• What is required: What are the lines below, starting at the line containing "Rood en wit" and ending at the line containing "Disegno grafico a"? Write them out exactly, ends included, without pictures.

• Materials provided:
= Beginning of Section =

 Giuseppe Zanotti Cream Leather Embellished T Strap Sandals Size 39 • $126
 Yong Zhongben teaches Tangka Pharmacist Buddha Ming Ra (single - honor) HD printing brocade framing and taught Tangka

= End of Section =
= Beginning of Section =

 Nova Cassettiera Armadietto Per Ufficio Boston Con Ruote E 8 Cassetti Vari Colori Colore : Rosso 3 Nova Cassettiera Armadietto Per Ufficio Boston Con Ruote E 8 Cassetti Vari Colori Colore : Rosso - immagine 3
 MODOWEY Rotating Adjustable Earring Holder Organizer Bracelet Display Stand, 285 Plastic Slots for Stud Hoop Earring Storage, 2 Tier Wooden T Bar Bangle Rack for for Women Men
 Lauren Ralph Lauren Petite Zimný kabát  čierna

= End of Section =
= Beginning of Section =

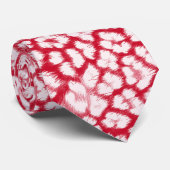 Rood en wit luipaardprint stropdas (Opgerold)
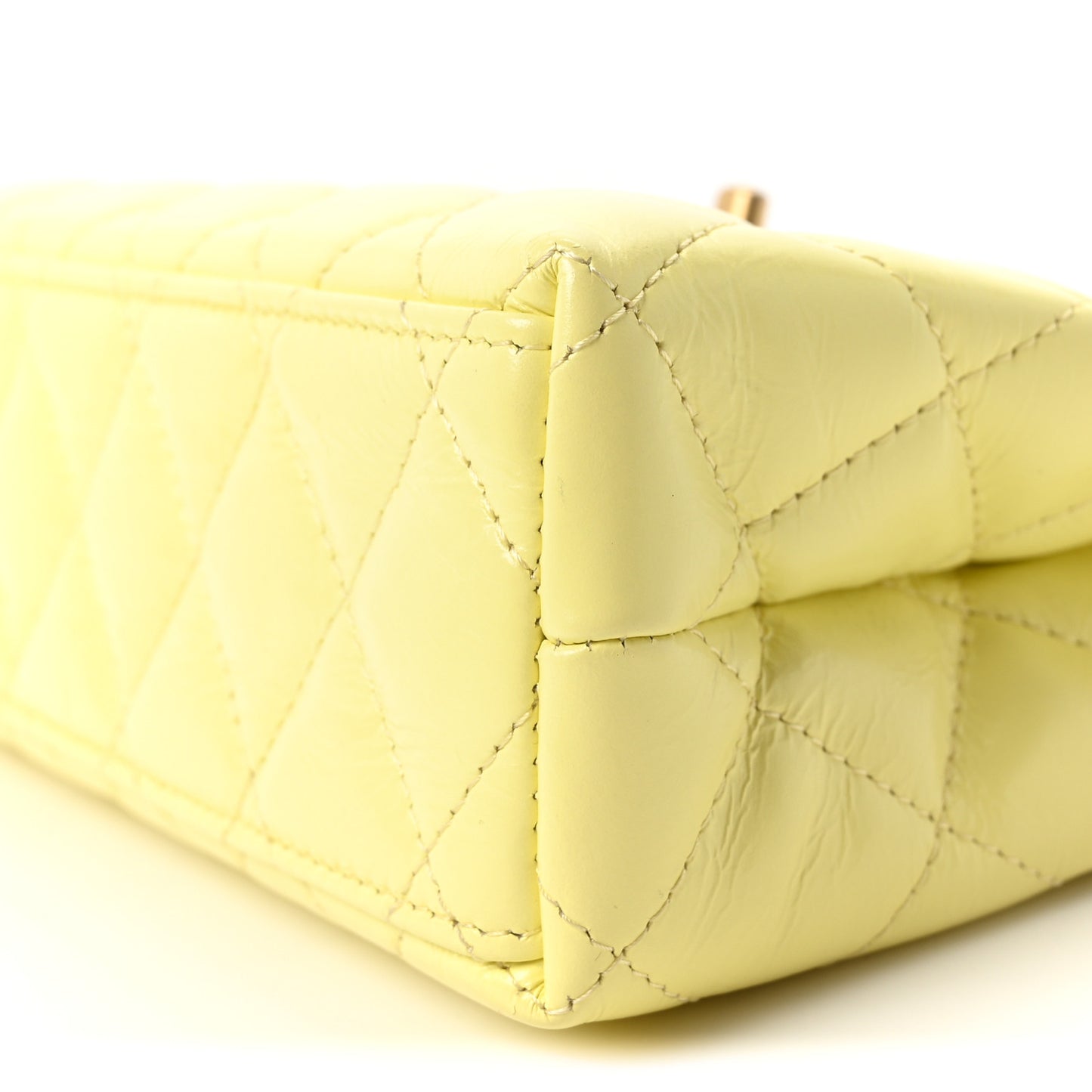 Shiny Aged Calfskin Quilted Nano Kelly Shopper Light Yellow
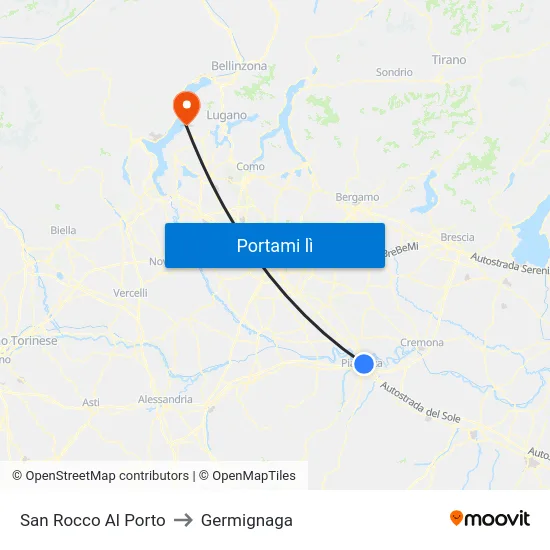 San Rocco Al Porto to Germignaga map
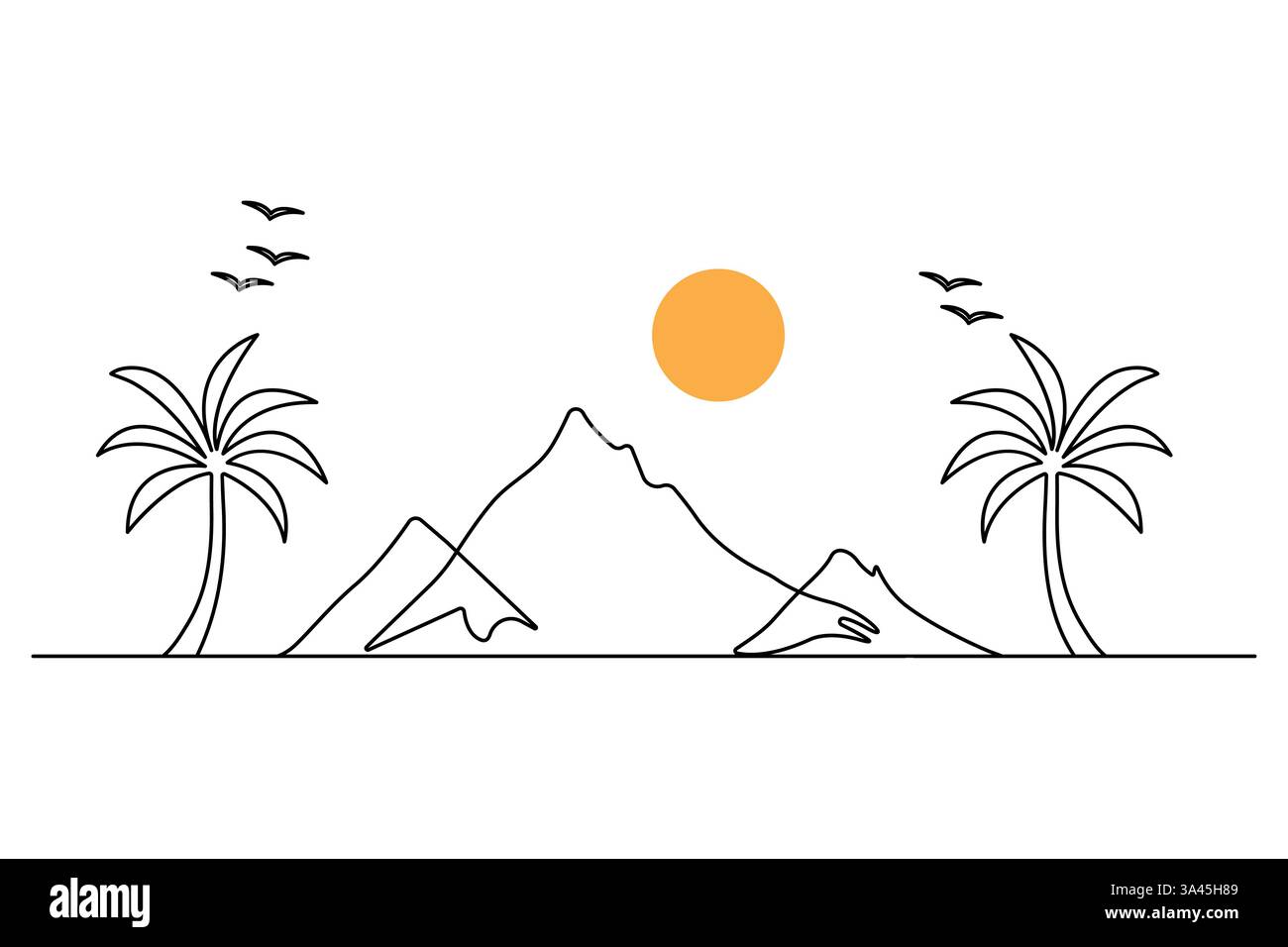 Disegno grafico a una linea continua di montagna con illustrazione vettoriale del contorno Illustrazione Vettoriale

= End of Section =

• Your response:
 Rood en wit luipaardprint stropdas (Opgerold)
 Shiny Aged Calfskin Quilted Nano Kelly Shopper Light Yellow
 San Rocco Al Porto to Germignaga map
 Disegno grafico a una linea continua di montagna con illustrazione vettoriale del contorno Illustrazione Vettoriale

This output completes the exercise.